En febrero pasado, unos días antes de la invasión rusa, el presidente Joseph Biden intimó a los estadounidenses a abandonar Ucrania en cuarenta y ocho horas. Desde entonces, Estados Unidos regresó a dicho país, pero de otra manera. Sin arriesgar la vida de un solo soldado, aprovechan la sucesión de catástrofes provocadas por el presidente Vladimir Putin para acumular avances estratégicos: una Rusia duraderamente debilitada, una China incómoda por los reveses de su vecino, una Alianza Atlántica reforzada por la próxima adhesión de Suecia y Finlandia, una cosecha de contratos para los exportadores estadounidenses de cereales, de armas, de gas, medios de comunicación occidentales que trasmiten al unísono la propaganda del Pentágono. ¿Por qué los estrategas estadounidenses desearían acaso el fin de una guerra tan providencial?
No lo desean. Desde hace algunas semanas, se diría incluso que la única conclusión del conflicto a la que Estados Unidos consentiría realmente sería la de un triunfo romano de los ejércitos occidentales en Moscú, con Biden en la tribuna y Putin en una jaula de hierro.
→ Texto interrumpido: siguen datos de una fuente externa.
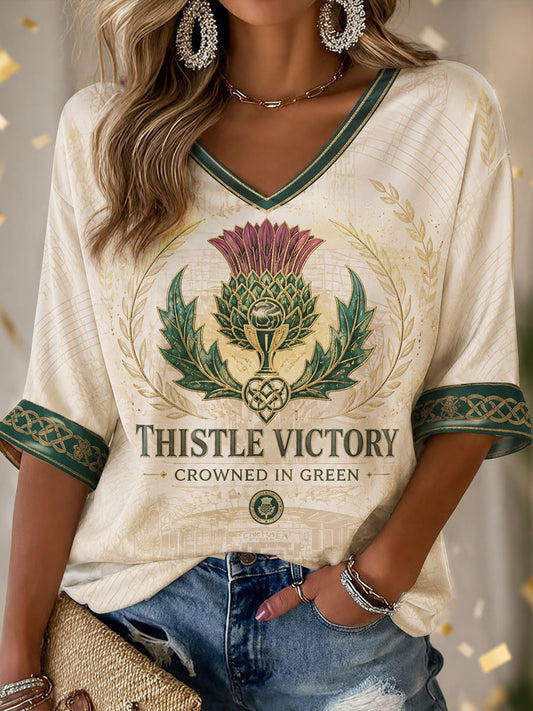 Women's Green Football Lover Art Printed T-shirt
Para realizar su ya proclamado objetivo, “debilitar a Rusia”, desangrarla en realidad, Estados Unidos no escatima los medios: entrega de armas más ofensivas y más sofisticadas a Ucrania, asistencia a este país para que pueda ubicar y liquidar generales rusos, incluso hundir el buque insignia de su flota. Sin contar con que, desde hace tres meses, el Congreso estadounidense votó una ayuda a Kiev que corresponde a más del 85% del presupuesto militar ruso.
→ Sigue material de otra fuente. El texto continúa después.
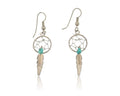 Navajo Dangle Dream Catcher Earrings 925 Silver Blue Turquoise Native Artist C80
En un primer momento, Biden temía que una asistencia demasiado directa a Ucrania precipitara “una tercera guerra mundial”. Parece haber concluido que el chantaje nuclear de Moscú no era sino un bluff, y que Rusia, de la que había sobrestimado la potencia militar, podía ser acorralada sin peligro. Así, se suma a los republicanos neoconservadores para quienes toda concesión al expansionismo de Putin “equivaldría a pagarle a un (…)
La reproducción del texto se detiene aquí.